ARMADILLO_LIBRARY=(/path/to/armadillo/libarmadillo.so): Armadillo library
BUILD_CLI_EXECUTABLES=(ON/OFF): whether or not to build command-line programs
BUILD_PYTHON_BINDINGS=(ON/OFF): whether or not to build Python bindings
PYTHON_EXECUTABLE=(/path/to/python_version): Path to specific Python executable
PYTHON_INSTALL_PREFIX=(/path/to/python/): Path to root of Python installation
BUILD_JULIA_BINDINGS=(ON/OFF): whether or not to build Julia bindings
JULIA_EXECUTABLE=(/path/to/julia): Path to specific Julia executable
BUILD_GO_BINDINGS=(ON/OFF): whether or not to build Go bindings
GO_EXECUTABLE=(/path/to/go): Path to specific Go executable
BUILD_GO_SHLIB=(ON/OFF): whether or not to build shared libraries required by Go bindings
BUILD_R_BINDINGS=(ON/OFF): whether or not to build R bindings
R_EXECUTABLE=(/path/to/R): Path to specific R executable
BUILD_TESTS=(ON/OFF): whether or not to build tests
BUILD_SHARED_LIBS=(ON/OFF): compile shared libraries as opposed to
   static libraries
DISABLE_DOWNLOADS=(ON/OFF): whether to disable all downloads during build
DOWNLOAD_ENSMALLEN=(ON/OFF): If ensmallen is not found, download it
ENSMALLEN_INCLUDE_DIR=(/path/to/ensmallen/include): path to include directory
   for ensmallen
DOWNLOAD_STB_IMAGE=(ON/OFF): If STB is not found, download it
STB_IMAGE_INCLUDE_DIR=(/path/to/stb/include): path to include directory for
   STB image library
USE_OPENMP=(ON/OFF): whether or not to use OpenMP if available
BUILD_DOCS=(ON/OFF): build Doxygen documentation, if Doxygen is available
   (default ON)

Other tools can also be used to configure CMake, but those are not documented here. See this section of the build guide for more details, including a full list of options, and their default values.

By default, command-line programs will be built, and if the Python dependencies (Cython, setuptools, numpy, pandas) are available, then Python bindings will also be built.
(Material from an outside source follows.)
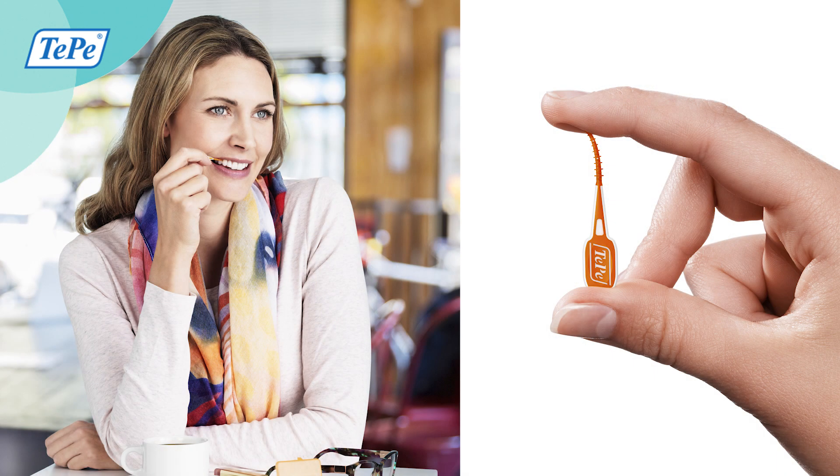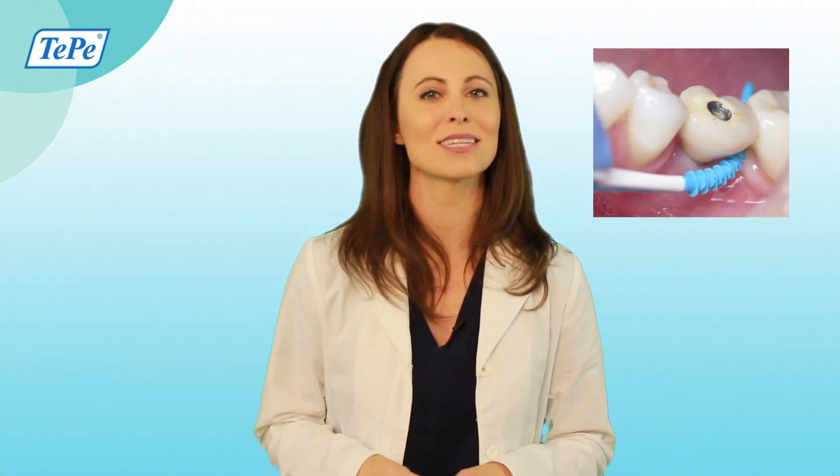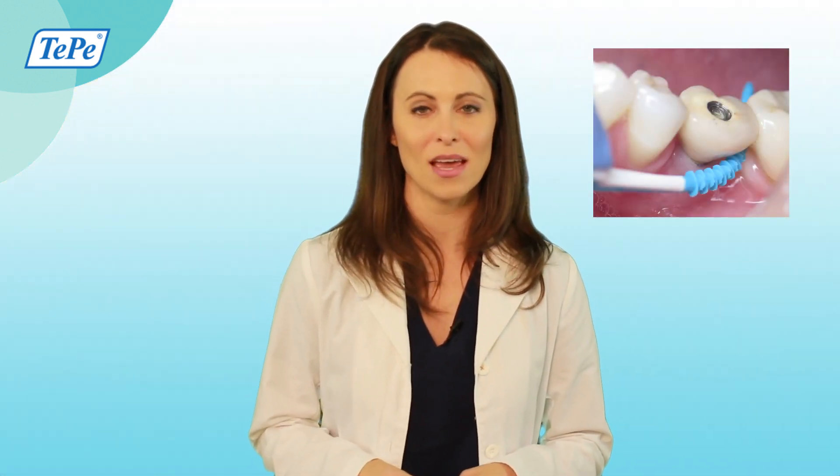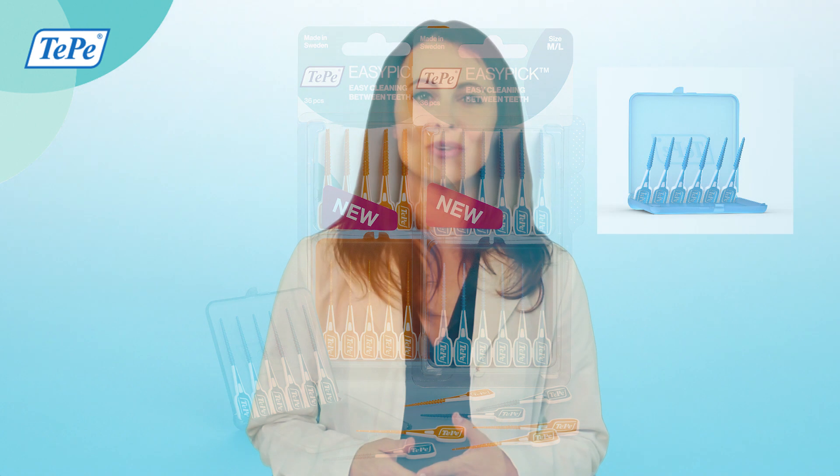The Easy Pick is flexible and durable, making it the perfect on-the-go option to clean and stimulate the gums between the teeth. It comes in two sizes — orange is smaller and blue is larger — and has a convenient travel case so you can take it with you everywhere this holiday season.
OpenMP will be used for parallelization when possible by default.

Once CMake is configured, building the library is as simple as typing 'make'. This will build all library components as well as 'mlpack_test'.

$ make

If you do not want to build everything in the library, individual components of the build can be specified:

$ make mlpack_pca mlpack_knn mlpack_kfn

If the build fails and you cannot figure out why, register an account on Github and submit an issue. The mlpack developers will quickly help you figure it out:

mlpack on Github

Alternately, mlpack help can be found in IRC at #mlpack on chat.freenode.net.

If you wish to install mlpack to /usr/local/include/mlpack/, /usr/local/lib/, and /usr/local/bin/, make sure you have root privileges (or write permissions to those three directories), and simply type

$ make install

You can now run the executables by name; you can link against mlpack with -lmlpack and the mlpack headers are found in /usr/local/include/mlpack/ and if Python bindings were built, you can access them with the mlpack package in Python.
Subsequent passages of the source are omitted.